Military radiolocation system to operate on 70 cm
Military radiolocation system to operate on 70 cm
As described in Schedule I of RBR-4, amateur usage of the 430-450 MHz (70 cm) band is on a no-protection, non-interference basis. Amateurs may not cause interference to nor be protected from interference from stations licensed in other services operating in that band. The same is true in the United States, and amateur operations on this band in a number of areas of the United States have power limits imposed on them in order to avoid interference to radiolocation services operated by the US military.
Industry Canada has informed Radio Amateurs of Canada (RAC) that it has authorized the Department of National Defence to use a digital system called Enhanced Position Location Reporting System (EPLRS) on these frequencies. The EPLRS system consists of mobile, fixed, transportable and airborne stations that use 5 MHz-wide spread spectrum channels to provide strategic telemetry information for military platforms. This authorization is on a no-protection, non-interference basis, which means that no new restrictions will be imposed on Canadian amateur operations in this band as a result.

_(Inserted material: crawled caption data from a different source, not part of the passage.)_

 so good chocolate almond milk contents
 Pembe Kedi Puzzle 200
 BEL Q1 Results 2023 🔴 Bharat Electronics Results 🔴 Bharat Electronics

Industry Canada has informed RAC that there is a slight potential for interference to amateur radio systems, typically in the form of a minor audible clicking noise. If Canadian amateurs encounter such interference, they are requested to report it to RAC at regulatory @ rac.ca. The information reported should include the geographical location, date, time, frequency and mode being used by the amateur station, and a description of the interference.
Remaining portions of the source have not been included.